*The task*
Line by line, retype the whole listing exactly.

*Given information*
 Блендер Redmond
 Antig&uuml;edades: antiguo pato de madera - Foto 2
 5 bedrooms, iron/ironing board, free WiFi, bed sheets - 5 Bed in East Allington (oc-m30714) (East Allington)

*Result of this task*
 Блендер Redmond
 Antig&uuml;edades: antiguo pato de madera - Foto 2
 5 bedrooms, iron/ironing board, free WiFi, bed sheets - 5 Bed in East Allington (oc-m30714) (East Allington)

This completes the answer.